Sedikit saja melipir ke luar kota, 10 menit ke arah utara, Anda akan menemukan desa bernama Cangkuang. Nama ini diambil dari jenis tanaman yang banyak tumbuh di sana. Desa Cangkuang memiliki objek wisata berupa candi, makam, dan kampung adat. Untuk mengunjungi situs, Anda mesti menyeberangi situ (danau) dengan menyewa rakit bambu seharga Rp4.000. Catatan: jika sedang sepi, operator rakit akan membujuk Anda untuk menyewa secara borongan.

Cagar Budaya Candi Cangkuang tidaklah besar, namun menarik dicermati. Pertama, di sana ada sebuah candi peninggalan Hindu. Ia ditemukan oleh ahli purbakala, Drs. Uka Tjandrasasmita pada 9 Desember 1966. Tjandrasasmita menelusuri informasi dari buku Notulen Bataviach Genoot Schapkarya Vorderman, yang ditulis pada 1893. Buku itu menyebutkan adanya sebuah arca di desa Cangkuang.

Hasil penemuan ini lantas diteliti. Penggalian di sekitar lokasi ternyata memberi kesimpulan lain: Apa yang ada di sana bukanlah arca, melainkan candi. Indikasinya berupa pondasi ukuran 4,5 x 4,5 m di bawah tanah, juga batu-batu besar yang berserakan. Pemugaran pun dilakukan pada 1974, dengan menggunakan 40 persen batuan andesit asli yang tersisa, kemudian ditambahkan batu baru. Proses ini selesai pada Desember 1976 dengan menyisakan tanda tanya akan sejarah candi. Ketiadaan prasasti dan cerita rakyat membuat sejarah Candi Cangkuang tidak pernah terungkap.

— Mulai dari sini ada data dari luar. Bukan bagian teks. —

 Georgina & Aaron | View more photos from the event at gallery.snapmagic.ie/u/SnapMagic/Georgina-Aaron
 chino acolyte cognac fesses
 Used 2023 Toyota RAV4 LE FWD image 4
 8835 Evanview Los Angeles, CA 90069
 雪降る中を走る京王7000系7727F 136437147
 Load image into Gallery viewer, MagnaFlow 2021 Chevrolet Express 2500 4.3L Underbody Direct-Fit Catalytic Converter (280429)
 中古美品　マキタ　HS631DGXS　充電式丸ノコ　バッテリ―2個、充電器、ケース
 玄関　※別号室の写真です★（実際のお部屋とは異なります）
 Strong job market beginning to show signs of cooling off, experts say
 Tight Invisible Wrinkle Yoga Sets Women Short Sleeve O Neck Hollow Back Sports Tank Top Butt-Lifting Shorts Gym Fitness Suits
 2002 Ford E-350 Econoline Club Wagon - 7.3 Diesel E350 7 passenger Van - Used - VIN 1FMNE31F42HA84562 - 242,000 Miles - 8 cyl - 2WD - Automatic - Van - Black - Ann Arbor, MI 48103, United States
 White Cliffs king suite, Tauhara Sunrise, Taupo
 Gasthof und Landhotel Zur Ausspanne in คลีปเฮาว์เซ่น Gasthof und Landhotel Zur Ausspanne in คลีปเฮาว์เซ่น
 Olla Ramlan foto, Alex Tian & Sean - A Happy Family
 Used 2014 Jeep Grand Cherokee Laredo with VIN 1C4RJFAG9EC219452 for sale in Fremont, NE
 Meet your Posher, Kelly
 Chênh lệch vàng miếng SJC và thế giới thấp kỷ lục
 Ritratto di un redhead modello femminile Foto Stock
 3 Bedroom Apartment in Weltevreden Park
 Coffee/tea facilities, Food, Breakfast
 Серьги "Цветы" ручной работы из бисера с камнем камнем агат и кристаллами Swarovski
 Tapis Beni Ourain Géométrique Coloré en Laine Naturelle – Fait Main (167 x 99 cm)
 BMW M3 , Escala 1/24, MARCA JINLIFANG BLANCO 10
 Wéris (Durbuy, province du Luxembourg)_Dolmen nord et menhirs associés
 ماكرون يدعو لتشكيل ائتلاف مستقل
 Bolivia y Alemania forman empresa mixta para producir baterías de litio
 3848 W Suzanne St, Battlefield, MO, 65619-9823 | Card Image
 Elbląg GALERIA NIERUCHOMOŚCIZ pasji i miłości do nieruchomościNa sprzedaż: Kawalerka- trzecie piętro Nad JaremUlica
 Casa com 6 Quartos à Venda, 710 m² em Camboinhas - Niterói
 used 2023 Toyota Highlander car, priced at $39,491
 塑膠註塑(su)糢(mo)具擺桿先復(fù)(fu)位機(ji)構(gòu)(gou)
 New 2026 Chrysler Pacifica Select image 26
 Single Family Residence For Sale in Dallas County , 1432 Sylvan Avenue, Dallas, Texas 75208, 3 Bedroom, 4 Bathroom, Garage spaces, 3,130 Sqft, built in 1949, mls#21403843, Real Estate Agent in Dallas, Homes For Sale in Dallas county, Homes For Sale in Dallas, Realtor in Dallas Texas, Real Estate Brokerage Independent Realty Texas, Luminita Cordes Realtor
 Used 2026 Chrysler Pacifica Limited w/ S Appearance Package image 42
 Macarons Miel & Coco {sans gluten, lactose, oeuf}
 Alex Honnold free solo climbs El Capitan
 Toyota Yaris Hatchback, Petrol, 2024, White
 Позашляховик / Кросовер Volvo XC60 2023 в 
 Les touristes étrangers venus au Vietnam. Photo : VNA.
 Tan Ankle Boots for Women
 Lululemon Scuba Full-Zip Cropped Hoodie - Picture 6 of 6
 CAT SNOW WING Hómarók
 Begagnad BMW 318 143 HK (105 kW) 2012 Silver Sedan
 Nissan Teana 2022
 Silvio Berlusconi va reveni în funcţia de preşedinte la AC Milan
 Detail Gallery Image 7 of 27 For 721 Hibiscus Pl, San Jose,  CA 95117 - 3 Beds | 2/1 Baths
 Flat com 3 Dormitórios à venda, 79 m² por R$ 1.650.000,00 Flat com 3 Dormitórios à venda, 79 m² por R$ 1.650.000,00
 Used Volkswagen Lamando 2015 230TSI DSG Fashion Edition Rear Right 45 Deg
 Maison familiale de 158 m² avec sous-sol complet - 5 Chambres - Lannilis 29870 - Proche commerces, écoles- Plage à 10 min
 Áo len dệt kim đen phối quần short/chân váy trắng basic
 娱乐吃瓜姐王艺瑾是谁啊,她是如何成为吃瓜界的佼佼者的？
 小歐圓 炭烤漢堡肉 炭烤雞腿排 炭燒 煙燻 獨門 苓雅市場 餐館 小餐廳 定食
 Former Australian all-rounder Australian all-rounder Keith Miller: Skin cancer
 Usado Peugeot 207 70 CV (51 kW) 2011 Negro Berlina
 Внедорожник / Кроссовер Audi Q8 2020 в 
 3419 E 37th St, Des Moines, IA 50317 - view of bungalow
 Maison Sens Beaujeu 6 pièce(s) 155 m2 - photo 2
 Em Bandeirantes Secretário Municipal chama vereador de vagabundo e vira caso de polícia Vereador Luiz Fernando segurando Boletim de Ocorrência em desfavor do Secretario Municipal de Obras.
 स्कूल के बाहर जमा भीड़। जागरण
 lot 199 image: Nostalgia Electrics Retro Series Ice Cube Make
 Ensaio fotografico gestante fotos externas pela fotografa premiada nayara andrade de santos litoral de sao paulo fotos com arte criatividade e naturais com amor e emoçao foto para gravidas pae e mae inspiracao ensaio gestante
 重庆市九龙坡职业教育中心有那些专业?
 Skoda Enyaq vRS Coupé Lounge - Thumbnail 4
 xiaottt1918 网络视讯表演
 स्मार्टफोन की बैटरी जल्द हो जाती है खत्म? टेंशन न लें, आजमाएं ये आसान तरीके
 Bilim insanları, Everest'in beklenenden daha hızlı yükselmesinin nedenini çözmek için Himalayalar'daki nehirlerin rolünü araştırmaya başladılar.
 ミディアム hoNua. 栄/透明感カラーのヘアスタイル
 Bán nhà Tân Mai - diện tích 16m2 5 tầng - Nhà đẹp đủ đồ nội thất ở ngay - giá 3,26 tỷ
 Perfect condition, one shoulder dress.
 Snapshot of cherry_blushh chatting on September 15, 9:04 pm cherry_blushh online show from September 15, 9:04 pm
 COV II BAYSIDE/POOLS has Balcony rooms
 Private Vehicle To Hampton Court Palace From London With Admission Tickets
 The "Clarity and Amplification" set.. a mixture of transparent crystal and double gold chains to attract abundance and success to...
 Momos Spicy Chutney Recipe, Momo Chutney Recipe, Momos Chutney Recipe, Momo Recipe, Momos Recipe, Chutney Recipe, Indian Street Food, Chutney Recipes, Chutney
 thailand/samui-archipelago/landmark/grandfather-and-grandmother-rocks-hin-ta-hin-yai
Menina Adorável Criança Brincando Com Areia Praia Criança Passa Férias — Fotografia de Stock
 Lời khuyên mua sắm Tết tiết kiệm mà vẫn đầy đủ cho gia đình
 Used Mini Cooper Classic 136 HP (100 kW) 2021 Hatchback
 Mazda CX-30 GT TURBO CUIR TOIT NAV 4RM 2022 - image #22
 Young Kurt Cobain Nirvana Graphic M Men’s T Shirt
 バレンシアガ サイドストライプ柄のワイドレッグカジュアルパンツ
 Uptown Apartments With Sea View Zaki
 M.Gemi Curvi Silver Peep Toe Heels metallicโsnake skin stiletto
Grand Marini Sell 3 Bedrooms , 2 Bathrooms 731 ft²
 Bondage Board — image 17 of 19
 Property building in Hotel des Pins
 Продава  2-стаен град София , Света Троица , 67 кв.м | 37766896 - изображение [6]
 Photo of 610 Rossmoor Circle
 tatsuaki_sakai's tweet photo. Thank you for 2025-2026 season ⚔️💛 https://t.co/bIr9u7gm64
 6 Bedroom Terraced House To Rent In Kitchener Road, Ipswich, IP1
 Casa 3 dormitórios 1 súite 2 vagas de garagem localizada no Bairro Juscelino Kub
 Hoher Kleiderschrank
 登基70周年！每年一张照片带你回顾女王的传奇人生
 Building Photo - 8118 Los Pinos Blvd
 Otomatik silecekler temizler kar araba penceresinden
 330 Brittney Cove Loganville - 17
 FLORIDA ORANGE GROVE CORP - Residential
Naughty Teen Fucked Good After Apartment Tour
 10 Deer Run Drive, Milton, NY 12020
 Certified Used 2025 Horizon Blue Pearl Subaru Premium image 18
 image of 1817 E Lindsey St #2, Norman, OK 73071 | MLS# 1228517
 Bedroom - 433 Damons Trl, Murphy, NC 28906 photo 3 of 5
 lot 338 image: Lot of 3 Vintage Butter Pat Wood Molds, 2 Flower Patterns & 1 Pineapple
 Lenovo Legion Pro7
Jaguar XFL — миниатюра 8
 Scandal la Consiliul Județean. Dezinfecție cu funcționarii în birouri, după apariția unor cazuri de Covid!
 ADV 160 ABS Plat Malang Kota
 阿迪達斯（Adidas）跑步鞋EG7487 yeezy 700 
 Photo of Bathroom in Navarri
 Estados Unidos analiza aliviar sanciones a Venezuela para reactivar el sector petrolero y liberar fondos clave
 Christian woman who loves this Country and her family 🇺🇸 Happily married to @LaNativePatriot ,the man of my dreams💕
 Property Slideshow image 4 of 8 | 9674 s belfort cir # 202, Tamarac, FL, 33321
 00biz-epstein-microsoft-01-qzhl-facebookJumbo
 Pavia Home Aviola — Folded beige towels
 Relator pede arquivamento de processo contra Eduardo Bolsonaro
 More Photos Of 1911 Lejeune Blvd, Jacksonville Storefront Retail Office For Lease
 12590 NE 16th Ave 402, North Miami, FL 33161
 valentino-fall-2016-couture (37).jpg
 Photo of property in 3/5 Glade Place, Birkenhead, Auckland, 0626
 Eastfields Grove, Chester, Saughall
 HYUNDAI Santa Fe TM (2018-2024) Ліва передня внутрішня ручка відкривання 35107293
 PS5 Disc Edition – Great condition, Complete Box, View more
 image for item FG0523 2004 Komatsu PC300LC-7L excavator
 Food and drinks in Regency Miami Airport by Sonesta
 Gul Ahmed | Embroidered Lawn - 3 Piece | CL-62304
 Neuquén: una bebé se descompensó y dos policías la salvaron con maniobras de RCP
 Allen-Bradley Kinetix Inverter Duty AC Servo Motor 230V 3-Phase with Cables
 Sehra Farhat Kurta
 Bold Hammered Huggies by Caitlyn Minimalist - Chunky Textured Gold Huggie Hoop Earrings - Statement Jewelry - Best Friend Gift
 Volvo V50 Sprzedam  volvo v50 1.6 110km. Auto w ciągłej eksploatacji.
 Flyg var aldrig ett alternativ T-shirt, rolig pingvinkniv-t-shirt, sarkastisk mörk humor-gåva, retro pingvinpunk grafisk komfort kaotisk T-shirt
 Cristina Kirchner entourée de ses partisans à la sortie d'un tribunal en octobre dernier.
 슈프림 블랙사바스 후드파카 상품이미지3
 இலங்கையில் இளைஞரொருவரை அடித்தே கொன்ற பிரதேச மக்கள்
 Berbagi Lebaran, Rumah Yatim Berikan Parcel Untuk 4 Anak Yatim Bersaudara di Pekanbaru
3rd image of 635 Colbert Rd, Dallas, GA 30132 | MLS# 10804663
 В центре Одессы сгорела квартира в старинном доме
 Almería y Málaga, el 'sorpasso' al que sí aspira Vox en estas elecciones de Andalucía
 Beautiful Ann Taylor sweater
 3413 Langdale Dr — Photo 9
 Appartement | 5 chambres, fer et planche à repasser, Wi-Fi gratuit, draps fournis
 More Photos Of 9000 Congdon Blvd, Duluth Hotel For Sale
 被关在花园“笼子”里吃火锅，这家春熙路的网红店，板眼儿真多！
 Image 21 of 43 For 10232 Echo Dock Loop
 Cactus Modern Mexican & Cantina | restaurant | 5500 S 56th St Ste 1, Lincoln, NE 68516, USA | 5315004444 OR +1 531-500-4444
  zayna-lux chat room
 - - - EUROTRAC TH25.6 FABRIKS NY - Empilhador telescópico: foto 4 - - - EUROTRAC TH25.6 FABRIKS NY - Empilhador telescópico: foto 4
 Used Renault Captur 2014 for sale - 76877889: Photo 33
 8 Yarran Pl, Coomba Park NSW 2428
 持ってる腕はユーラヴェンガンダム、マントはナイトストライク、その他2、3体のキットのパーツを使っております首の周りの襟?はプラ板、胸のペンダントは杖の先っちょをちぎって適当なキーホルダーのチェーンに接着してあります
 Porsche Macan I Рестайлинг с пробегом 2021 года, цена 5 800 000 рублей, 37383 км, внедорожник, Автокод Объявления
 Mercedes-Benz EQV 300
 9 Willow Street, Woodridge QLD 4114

Pada abad XVII, seorang utusan Sultan Agung dari Mataram diperintahkan menyerang Belanda di Batavia. Utusan itu bernama Arif Muhammad. Ia menyerang Belanda yang kala itu di bawah pimpinan JP Coen. Arif gagal dalam serangan itu, dan, karena malu, ia memilih tidak pulang ke Mataram. Dalam perjalanannya ia singgah di desa Cangkuang, menyebarkan Islam dan menetap di sana. 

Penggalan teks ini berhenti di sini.